Information provided:
════
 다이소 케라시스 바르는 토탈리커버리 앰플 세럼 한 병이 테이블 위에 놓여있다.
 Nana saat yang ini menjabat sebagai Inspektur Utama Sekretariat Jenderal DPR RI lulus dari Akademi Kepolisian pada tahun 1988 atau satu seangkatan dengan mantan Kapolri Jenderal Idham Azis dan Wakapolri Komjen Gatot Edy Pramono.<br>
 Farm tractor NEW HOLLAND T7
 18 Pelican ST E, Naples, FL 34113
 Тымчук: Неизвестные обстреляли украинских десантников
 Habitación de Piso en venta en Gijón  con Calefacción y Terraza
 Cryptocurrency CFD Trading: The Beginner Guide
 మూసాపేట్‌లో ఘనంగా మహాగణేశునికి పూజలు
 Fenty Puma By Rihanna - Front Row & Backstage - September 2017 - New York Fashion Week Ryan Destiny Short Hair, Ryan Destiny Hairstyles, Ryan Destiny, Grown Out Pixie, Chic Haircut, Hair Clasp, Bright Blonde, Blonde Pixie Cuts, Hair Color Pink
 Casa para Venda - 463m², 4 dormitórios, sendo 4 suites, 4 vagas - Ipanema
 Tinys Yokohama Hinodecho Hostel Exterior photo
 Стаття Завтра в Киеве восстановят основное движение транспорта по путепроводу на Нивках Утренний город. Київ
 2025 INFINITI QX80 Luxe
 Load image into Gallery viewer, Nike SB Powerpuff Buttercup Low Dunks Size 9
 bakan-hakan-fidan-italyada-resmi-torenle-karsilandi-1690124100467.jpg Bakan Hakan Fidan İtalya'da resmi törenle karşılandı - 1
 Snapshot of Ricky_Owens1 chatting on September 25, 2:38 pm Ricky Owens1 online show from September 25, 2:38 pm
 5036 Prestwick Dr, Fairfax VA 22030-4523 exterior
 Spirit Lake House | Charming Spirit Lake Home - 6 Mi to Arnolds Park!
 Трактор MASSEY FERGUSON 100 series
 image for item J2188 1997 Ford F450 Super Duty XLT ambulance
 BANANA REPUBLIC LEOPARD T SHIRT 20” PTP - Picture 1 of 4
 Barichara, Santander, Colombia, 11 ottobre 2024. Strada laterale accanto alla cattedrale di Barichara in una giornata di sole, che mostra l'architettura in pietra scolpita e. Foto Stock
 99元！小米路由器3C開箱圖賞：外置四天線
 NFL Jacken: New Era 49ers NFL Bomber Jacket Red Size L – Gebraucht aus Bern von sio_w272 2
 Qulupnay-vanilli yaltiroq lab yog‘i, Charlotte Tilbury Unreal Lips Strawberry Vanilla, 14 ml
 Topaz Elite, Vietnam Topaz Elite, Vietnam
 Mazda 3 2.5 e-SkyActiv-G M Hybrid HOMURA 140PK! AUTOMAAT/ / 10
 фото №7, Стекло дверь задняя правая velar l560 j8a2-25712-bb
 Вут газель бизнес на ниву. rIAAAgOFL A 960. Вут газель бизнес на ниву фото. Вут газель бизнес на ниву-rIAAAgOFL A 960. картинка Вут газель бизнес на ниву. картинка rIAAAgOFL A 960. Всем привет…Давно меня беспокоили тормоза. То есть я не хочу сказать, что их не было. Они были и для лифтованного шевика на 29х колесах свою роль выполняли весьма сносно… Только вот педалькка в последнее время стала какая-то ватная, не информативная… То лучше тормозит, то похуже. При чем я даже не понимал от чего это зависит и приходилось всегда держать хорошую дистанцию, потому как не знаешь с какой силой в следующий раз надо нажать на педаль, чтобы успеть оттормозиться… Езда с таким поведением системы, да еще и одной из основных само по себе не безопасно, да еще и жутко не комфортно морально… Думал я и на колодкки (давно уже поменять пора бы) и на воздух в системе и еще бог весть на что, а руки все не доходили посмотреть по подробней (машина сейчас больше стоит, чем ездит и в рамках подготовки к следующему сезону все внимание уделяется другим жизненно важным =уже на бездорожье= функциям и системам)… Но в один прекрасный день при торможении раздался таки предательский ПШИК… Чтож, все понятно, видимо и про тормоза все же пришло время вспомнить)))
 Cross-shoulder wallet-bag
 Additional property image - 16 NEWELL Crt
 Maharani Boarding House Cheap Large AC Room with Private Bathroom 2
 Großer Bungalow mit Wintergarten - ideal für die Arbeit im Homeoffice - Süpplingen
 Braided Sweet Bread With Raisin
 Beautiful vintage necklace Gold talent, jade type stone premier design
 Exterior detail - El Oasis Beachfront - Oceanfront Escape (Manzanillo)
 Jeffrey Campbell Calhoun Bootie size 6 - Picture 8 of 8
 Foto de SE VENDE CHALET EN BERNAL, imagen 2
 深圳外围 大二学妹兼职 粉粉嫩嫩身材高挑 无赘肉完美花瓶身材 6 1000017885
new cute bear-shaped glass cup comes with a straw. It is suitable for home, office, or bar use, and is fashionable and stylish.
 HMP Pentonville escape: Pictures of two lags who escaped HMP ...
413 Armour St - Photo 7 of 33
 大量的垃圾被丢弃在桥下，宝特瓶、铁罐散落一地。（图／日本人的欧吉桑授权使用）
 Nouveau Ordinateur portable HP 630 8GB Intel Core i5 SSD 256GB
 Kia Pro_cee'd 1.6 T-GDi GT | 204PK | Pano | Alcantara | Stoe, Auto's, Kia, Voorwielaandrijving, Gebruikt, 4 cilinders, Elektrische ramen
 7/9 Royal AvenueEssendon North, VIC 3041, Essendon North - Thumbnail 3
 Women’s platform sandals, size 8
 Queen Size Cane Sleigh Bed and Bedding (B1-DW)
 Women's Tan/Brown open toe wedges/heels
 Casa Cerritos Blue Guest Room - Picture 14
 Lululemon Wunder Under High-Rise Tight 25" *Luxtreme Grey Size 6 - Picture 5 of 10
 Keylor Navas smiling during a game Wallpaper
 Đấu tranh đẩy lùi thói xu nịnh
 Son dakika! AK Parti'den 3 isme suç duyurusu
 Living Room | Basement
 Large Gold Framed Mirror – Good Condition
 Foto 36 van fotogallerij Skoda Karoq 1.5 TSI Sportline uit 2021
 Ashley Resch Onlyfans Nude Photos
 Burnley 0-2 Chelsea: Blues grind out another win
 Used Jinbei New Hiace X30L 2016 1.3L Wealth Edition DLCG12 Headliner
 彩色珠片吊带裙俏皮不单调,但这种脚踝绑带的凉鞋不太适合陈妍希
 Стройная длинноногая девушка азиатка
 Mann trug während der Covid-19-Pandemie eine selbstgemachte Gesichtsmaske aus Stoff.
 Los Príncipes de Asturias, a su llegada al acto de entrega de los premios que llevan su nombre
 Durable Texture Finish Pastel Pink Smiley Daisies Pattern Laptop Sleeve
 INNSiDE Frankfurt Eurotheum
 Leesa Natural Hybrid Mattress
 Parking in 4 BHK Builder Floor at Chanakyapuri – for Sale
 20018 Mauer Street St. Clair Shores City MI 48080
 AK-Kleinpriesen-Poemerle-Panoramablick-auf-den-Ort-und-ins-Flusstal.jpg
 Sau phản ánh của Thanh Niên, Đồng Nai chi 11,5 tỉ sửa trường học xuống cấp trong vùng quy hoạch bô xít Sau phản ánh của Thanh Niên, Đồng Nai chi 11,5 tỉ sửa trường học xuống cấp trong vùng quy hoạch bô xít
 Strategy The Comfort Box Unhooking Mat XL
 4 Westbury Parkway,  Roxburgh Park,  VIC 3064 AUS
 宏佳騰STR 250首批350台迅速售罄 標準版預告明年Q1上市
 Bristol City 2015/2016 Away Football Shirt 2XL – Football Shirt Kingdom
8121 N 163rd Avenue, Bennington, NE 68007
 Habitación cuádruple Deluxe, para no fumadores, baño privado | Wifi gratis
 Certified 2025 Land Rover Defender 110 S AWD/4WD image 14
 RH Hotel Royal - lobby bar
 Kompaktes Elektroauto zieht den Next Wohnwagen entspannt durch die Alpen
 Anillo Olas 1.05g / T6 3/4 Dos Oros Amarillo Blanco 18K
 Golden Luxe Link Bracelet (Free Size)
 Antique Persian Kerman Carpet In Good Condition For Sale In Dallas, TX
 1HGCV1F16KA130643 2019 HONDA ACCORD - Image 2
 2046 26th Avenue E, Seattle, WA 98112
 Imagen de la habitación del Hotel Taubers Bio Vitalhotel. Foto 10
════
What is being asked: Working from the material above, tally how many lines hold the string "Women". The number is all that is needed.

Answer for this exercise: 2